There’s another way to think about this which blows the idea of switching Clady out of the water. In today’s NFL, if you have a weakness on your line, the opposition will exploit it, no matter the location. If you are weak at the guard and center positions, the double-A-gap blitz wreaks havoc like an Al Davis lawsuit threat. If you are weak at tackle and guard, an overload blitz is a little slice of heaven. A few times a game, flipping defensive ends breeds mayhem. Simply put, you'd better be strong across the line. If Orlando Franklin is not the answer at right tackle, look for the Broncos to go back to Zane Beadles and put Franklin at guard.
TJ, what the hell was Ray Lewis thinking when he said that the crime rate would go up in this country if the lockout went a whole year?
--Adam Jones, Cincinnati, Ohio
Adam: It was a bit dramatic, wasn’t it? One imagines Lewis knows he can’t sell as much Old Spice without the season to draw people to the fantastic array of shower gels and deodorants (personally I’m an Axe Dark Temptation guy—once you go dark, you never go bark).
Lewis basically told Sal Paolantonio that without football, bad things would happen. Maybe he’d see dead people or something, who knows. It was an interesting quote, I guess. However, more interesting is the reason why Lewis thought the crime rate would increase:
There's too many people that live through us, people live through us. Yeah, walk in the streets, the way I walk the streets, and I'm not talking about the people you see all the time...There's nothing else to do, Sal.
Lewis is delusional. He’s suffering from they’ll-miss-me-if-I’m-gone syndrome, which you see a lot in some people. You know of whom I speak. Think about the guy at work who is always getting pissed off and hinting that he’s about to quit. In his mind, he actually he’s so important the company couldn’t replace him. However, if he ever left, they’d find someone within a few weeks.

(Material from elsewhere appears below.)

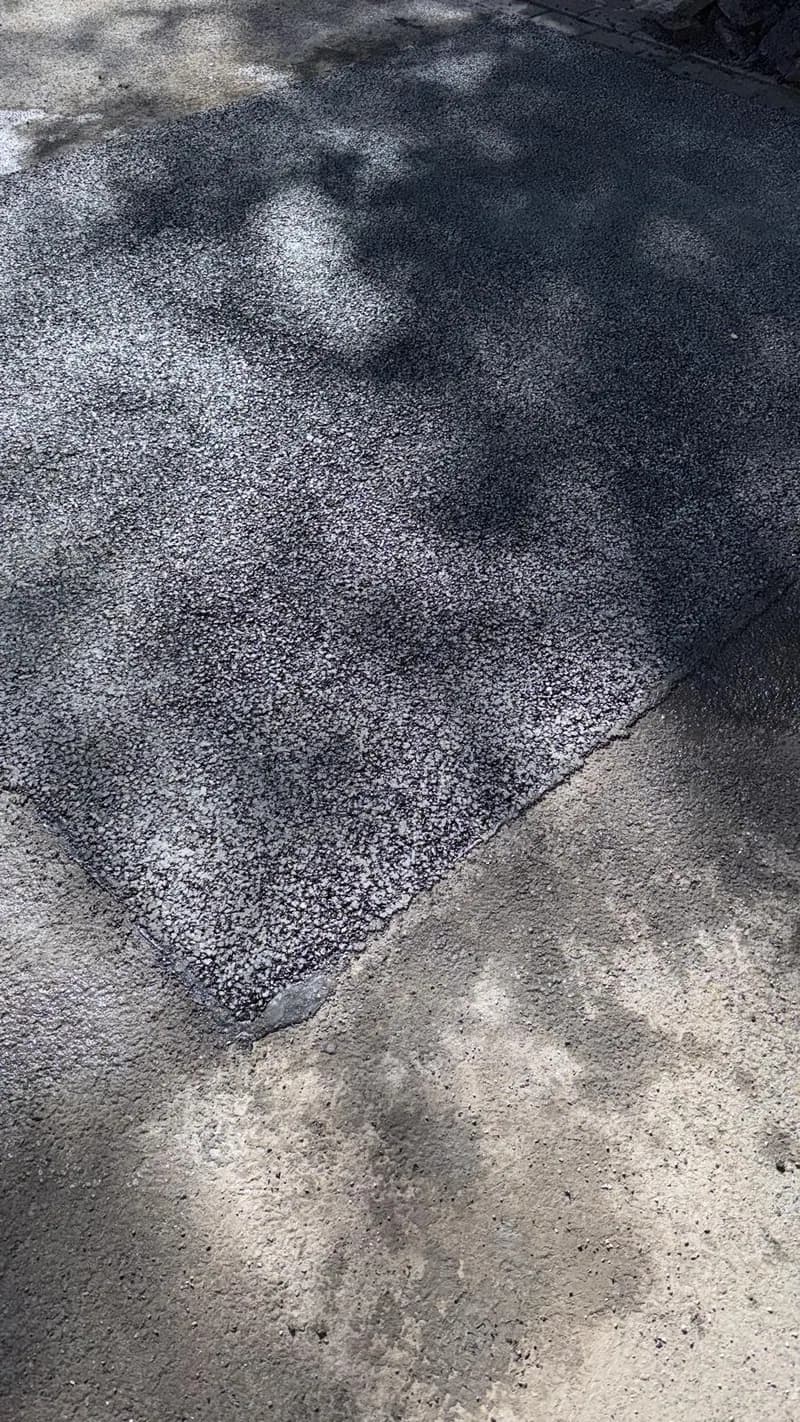 Ausgebesserte Asphaltfläche im Schatten von Bäumen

I suppose Lewis could be right. Americans really could be so out of touch with reality that they actually derive their emotional well-being from the results of a football game over which they have no control. Although childish and rather apelike, it would give merit to the whole bread and circuses stereotype (or in Spain, bread and bulls). If that’s the case, I welcome the new and improved Rapture coming to a theater near you in October.
I have a little more faith in people than Lewis, though. Sure, there will probably be a group of idiots that would use a lockout as an excuse to transform themselves into Raiders fans. Yet I suspect most will simply put their time to good use.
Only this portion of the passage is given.